The 99 cents Only Stores are being sued because despite their name they have raised their prices .99 of a cent. This way they could keep the 99 cents in the name with reasonable accuracy. That is not good enough for some, however, who feel that given their name of 99 cents since they are now essentially charging a dollar per item, puts many at a disadvantage. For example older people and lower income families who they say now feel duped. In reply the company said that the increase was well publicized. How well, may be subjective, but it was publicized. Which all leaves one to wonder if lower income families and older people can actually be so easily taken in? If not then the whole case affronts their intelligence. If so, then those who filed the lawsuit ought to look for a cause with more substantive rewards. Either way, it does make one question the meaning of a frivolous lawsuit.

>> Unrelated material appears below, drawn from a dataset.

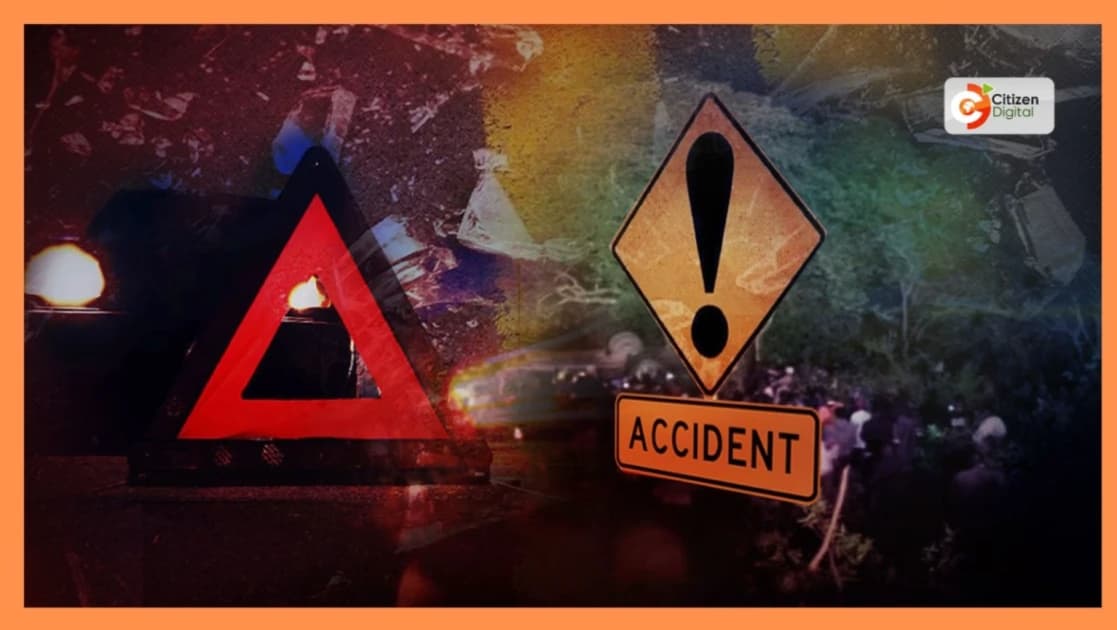 17 seriously injured in bus crash along Nakuru-Eldoret highway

The Press and Human Trafficking

There was a discussion in New York not long ago about the role of the media in covering human-trafficking. On the one hand there were people like UN under secretary-general Antonio Mario-Acosto, executive director for the UN Office of Drugs and Crime, who believed at most the media gets a C because “the media has failed to create a sense of anger in the population.” On the other there were people like George Daniels, an associate professor of Journalism at the University of Alabama, who thought that “the media reflects the reality of society.” The exchange which took place at a panel discussion organized by the UN Office of Drugs and Crime and the Schuster Institute for Investigative Journalism at Brandeis University does prompt one to think of the role of the press in general and with human trafficking in particular. Contemporary media tends to be segmented by small niches speaking to the choir of their respective constituencies. While that gives audiences or readers a sense of comfort it does not inform them in the same way. Human trafficking is as unconscionable as it is odious. If we were better informed about its tentacles wouldn’t we angrier, or at least less silent?